How difficult is it to learn how to reload? Never done it and don't know anything about it but I learn quick. I'm sure the initial start up cost due to equipment is fairly pricey? Which is fine I'm just curious.


----------



## TXPIRATE (Jan 28, 2009)

you can get a Lee loader (27.99 midway) for your caliber, a scale if you want, powder and primers and you will be in business. I actually really like those loaders for rifles that you don't shoot hundreds of rounds at a time. some people will say I am crazy.


----------



## TxHunter1214 (Nov 21, 2014)

One day I would like to get into reloading but with my schedule the way it is now I don't think I will have time. One day. I would really like to get input on quality factory ammo that people have had success using. Maybe some 7MM match grade ammo?


----------



## vette74 (Oct 11, 2009)

Green Box Remington works good in my 7 mag. For reloading it takes about a minute a round for me to load 50 + rounds with a single stage press.


----------



## Bird (May 10, 2005)

My boys 7-08 likes Federal premium with 140 grain btsp's. Did not like Fusion. Hornady 139 GMX's shoot well and are a good choice for pigs.


----------



## pg542 (Oct 9, 2006)

TxHunter1214 said:


> One day I would like to get into reloading but with my schedule the way it is now I don't think I will have time. One day. I would really like to get input on quality factory ammo that people have had success using. Maybe some 7MM match grade ammo?


 Like Muddskipper said, don't look past the cheaper box ammo. Remington Core-lokt, Winchester Silvertip etc. You may have to try a number of different brands/types but I would start with the cheaper stuff first. I do reload for some stuff but for my go-to deer rifle, Remington Core-Lokt (.270 win 130 gr psp) are super rounds. 1MOA all day long, devastating performance as in DRT or very close to it. My best reloads are only slightly better for this rifle. Modern factory ammo (and rifles) have come a LONG way in the last 20 yrs. so it isn't imperative to reload for excellent performance. You just have to find what your gun likes. Much like working up a new load at the loading bench.


----------



## TXPIRATE (Jan 28, 2009)

My 270 hates the Remington corelock but LOVES the winchester 130 powerpoint. They are devastating on deer also.


----------



## Csafisher (Nov 16, 2010)

I have some HSM 185vlds for my .300. Have really only shot one group with them to sight in and it was about a .6" 3 shot group @ 100yd. Have killed 3 pigs with them. Dropped 2 and one ran about 15yds.


----------



## wet dreams (May 21, 2004)

Jeeez, will those high dollar off the shelf loads OR reloads kill a deer any deader than the 18.50 Rem Core lokt will?? Its NOT rocket science....the core lokts have made me happy for 50+yrs


----------



## Fresh2Salt (May 21, 2004)

TXPIRATE said:


> My 270 hates the Remington corelock but LOVES the winchester 130 powerpoint. They are devastating on deer also.
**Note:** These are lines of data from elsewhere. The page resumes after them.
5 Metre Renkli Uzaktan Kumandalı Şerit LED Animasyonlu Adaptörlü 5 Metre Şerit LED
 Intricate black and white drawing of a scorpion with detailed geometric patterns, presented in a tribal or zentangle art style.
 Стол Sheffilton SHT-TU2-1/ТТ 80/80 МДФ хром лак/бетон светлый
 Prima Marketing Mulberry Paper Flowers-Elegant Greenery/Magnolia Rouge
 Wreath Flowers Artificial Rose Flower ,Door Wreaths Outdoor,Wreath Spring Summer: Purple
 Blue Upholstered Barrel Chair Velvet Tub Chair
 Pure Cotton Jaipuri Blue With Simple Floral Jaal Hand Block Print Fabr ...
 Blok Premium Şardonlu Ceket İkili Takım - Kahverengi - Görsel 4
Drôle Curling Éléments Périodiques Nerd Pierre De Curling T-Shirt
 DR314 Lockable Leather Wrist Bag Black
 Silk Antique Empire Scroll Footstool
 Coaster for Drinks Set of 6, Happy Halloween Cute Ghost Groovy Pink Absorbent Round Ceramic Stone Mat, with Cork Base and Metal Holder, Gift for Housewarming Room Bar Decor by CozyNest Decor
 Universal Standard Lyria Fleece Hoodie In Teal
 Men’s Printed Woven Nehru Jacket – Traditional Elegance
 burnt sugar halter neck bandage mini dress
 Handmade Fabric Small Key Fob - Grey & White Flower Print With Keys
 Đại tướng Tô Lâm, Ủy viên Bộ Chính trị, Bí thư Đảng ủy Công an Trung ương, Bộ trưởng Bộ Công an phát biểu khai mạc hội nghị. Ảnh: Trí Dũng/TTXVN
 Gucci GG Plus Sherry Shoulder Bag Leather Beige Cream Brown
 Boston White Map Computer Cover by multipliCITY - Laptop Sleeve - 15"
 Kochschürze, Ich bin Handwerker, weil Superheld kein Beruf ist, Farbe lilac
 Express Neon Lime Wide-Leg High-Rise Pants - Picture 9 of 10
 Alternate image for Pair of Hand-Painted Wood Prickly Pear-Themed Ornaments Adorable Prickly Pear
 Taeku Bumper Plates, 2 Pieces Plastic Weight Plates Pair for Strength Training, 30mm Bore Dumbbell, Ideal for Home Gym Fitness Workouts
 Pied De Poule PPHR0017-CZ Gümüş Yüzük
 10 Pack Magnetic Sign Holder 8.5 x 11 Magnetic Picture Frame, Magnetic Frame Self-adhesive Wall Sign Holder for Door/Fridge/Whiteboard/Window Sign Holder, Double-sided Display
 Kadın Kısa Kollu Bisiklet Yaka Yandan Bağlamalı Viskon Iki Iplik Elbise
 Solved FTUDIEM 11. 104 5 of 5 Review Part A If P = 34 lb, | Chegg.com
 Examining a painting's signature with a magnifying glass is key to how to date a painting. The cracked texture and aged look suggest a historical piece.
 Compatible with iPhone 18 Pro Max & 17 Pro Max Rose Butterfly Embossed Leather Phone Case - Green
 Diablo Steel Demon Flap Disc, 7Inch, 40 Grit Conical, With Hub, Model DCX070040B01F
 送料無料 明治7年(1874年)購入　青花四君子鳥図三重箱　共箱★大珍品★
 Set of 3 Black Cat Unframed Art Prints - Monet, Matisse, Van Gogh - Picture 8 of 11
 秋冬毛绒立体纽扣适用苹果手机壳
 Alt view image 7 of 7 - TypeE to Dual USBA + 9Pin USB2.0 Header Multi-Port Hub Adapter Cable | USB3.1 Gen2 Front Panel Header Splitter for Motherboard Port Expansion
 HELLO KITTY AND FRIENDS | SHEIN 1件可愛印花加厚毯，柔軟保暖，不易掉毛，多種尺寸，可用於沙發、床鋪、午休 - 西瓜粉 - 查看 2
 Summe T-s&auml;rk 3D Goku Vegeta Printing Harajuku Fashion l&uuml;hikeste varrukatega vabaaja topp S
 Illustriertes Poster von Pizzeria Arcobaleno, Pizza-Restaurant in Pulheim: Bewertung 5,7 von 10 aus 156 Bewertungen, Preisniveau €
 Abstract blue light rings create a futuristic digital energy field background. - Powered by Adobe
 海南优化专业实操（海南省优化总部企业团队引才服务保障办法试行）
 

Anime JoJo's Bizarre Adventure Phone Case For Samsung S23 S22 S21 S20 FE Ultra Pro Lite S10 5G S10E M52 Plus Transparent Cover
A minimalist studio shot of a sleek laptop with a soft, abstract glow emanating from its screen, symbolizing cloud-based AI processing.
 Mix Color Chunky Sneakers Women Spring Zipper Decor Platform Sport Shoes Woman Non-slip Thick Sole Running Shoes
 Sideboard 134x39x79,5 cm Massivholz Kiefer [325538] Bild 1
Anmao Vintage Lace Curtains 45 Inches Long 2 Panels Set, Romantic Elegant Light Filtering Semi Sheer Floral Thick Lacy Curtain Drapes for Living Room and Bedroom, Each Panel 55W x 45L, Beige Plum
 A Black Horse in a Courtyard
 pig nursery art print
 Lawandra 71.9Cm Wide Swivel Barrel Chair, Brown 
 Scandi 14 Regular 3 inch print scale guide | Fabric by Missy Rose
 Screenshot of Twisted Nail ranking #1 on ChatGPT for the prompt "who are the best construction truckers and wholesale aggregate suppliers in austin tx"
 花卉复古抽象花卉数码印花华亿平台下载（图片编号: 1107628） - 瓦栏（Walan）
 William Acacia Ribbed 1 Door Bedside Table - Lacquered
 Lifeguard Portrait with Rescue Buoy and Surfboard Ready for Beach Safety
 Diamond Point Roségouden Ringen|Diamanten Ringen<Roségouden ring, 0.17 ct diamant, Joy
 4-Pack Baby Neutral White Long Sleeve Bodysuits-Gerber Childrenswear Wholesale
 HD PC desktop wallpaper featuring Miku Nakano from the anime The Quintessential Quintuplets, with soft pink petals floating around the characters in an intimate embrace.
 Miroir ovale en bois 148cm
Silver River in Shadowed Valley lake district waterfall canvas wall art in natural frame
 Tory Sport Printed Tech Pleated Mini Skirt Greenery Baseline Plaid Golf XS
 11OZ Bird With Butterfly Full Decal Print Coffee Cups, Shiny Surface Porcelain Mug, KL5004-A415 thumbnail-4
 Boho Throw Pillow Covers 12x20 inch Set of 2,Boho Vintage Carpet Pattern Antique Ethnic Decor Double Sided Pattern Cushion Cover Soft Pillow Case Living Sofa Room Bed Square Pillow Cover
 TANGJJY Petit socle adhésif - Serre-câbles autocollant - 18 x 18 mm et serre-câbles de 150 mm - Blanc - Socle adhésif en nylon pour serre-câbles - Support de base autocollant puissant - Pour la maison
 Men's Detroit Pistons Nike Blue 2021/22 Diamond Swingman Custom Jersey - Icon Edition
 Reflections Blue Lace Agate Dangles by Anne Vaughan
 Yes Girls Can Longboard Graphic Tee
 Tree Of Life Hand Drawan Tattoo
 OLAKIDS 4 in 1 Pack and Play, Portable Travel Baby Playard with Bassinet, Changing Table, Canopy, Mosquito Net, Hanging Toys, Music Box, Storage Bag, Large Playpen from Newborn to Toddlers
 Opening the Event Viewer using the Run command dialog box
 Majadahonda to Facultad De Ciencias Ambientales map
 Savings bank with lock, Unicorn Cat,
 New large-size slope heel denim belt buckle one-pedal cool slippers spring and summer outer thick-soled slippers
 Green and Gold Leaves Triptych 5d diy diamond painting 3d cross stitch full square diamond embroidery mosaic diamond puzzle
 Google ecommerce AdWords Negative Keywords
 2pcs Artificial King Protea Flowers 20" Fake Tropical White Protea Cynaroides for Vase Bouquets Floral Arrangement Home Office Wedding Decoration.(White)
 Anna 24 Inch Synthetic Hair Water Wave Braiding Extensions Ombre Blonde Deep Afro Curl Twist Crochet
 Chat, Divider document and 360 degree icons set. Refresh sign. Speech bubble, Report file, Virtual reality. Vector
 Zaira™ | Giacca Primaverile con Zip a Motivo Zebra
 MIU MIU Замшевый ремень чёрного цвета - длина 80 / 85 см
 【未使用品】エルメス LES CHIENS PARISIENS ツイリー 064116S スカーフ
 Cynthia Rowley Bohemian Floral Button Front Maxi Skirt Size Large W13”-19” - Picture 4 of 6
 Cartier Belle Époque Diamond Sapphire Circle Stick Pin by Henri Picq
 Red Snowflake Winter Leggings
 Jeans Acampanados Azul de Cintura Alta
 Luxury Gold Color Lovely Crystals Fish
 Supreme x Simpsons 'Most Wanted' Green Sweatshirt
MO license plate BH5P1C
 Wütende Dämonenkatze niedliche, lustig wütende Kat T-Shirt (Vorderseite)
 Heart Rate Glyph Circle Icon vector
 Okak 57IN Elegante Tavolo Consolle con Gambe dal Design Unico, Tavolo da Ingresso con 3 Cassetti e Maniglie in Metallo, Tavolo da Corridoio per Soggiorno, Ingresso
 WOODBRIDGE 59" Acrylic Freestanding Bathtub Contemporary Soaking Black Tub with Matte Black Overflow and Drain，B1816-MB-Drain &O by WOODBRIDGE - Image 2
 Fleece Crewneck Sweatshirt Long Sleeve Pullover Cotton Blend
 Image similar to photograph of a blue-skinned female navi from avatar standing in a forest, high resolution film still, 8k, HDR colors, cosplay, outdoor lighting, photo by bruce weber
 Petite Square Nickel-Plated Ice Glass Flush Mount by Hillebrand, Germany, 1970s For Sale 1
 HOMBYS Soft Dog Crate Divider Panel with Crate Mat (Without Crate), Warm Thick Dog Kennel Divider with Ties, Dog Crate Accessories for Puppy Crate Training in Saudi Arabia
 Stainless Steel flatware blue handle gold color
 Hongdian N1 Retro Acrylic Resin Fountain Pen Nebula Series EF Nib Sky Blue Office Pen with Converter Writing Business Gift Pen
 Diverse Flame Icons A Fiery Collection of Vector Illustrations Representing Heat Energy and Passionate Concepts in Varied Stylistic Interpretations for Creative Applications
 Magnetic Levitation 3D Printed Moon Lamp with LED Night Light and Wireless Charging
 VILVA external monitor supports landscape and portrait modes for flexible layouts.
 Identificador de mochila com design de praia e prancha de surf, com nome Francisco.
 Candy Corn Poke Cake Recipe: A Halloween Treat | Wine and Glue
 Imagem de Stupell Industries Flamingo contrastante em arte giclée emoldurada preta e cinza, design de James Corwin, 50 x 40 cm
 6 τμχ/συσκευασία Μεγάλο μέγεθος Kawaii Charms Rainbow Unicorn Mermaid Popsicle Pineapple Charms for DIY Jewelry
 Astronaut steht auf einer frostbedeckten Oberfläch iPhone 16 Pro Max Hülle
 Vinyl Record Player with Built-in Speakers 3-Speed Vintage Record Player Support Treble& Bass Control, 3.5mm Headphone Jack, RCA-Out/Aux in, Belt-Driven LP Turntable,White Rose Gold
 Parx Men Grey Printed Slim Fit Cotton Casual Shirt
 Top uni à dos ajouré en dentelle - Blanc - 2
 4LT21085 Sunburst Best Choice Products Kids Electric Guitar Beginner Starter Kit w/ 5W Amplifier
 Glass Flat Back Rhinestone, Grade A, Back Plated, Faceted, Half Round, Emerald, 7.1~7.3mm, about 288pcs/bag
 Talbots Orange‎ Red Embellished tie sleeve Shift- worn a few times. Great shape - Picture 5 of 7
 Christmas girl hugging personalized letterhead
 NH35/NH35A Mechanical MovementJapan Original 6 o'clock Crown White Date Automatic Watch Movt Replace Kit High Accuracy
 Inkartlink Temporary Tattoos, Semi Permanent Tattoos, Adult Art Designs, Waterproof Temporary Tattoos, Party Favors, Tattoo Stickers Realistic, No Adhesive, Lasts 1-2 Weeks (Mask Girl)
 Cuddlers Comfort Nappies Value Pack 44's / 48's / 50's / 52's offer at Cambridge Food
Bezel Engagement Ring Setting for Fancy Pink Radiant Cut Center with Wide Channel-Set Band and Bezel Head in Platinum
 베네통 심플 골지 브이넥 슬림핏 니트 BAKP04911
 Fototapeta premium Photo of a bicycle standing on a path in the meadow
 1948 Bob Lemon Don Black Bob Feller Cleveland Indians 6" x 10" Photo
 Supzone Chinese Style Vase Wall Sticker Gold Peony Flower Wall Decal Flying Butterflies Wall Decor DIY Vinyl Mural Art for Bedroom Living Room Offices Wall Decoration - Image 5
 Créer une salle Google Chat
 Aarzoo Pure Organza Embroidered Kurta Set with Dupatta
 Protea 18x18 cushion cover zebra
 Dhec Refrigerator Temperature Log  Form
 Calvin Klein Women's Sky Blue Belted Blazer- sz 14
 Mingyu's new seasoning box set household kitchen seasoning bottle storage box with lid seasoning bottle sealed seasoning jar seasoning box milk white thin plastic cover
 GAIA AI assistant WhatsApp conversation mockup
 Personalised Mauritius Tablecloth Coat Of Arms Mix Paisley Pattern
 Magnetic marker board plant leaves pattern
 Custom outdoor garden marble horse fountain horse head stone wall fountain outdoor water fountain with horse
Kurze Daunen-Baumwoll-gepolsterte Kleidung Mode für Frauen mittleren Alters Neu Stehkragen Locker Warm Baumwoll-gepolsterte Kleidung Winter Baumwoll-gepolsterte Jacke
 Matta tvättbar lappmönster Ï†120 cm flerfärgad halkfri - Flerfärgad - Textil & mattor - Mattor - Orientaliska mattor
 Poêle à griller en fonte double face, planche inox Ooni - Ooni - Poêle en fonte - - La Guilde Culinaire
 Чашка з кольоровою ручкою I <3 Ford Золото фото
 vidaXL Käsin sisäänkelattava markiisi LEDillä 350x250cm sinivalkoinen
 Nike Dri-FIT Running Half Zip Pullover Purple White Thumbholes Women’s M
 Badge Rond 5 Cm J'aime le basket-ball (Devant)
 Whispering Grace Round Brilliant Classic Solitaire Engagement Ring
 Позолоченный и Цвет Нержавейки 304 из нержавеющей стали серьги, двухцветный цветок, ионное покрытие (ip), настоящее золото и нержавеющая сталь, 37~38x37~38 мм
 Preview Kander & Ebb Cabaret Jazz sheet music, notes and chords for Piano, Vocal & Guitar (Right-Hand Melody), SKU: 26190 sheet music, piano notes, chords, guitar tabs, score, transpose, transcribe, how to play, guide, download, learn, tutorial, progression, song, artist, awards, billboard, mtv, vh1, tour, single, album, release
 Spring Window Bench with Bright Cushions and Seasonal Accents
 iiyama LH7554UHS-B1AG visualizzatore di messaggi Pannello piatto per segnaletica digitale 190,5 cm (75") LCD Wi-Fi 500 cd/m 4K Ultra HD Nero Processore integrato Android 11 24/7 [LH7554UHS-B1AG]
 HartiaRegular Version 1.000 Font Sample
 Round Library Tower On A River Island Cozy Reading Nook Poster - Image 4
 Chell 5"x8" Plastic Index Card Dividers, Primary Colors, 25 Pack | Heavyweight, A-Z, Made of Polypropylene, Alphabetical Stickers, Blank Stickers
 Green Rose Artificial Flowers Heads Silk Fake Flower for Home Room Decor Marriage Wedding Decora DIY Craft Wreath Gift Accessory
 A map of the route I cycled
What kind of .270 do you have?

My Browning A-bolt hates Winchester Silvertip. I couldn't get a good group to save my life. Deer would have been safe if I kept using that stuff.


----------



## dmwz71 (Feb 5, 2010)

I hunt deer with a 30.06. I have 2-3 rifles in that caliber. In all of them, for whitetail hunting, I use 165 gr "Federal Fusion" ammunition. I have shot 8 or so deer over the past 3-4 years with this combination, and all of them have been one shot kills, and all but two of them dropped where they were shot. (The two that did not were because of a poor shot by me, not because the round did not work well.) The results I have had with the Federal fusion round have been very impressive. Take a look at it.


----------



## bigfishtx (Jul 17, 2007)

There is so much great factory ammo available now, really good stuff with premium bullets.
You have Federal premium ammo, Remington has their Premium line, Hornady has theirs, and Winchester of course.
If not, you can get on line and order custom ammo from various manufacturers.

Best advice I have it to buy one box, see how it shoots, and if you like it, try to buy a supply at that time and try to get it out of the same lot numbers.

And remember, some rifles shoot one bullet better than another design in the same weight. Some like Partitions, some don't. Same way with a lot of bullet designs.

You may have to experiment some with different loads to find the right one.


----------



## TXPIRATE (Jan 28, 2009)

> What kind of .270 do you have?


 I have an 84 model ruger m77


----------



## Bharvey (Mar 24, 2013)

I've had really good luck shooting Federal Premium 165gr Sierra Gameking BTSP for my .308 and Federal Premium 130gr Sierra Gameking's BTSP for my .270. They have grouped REALLY WELL out of two different makes of Rifle; one a Weatherby Vanguard S2 and the other a Ruger M77 Hawkeye.


----------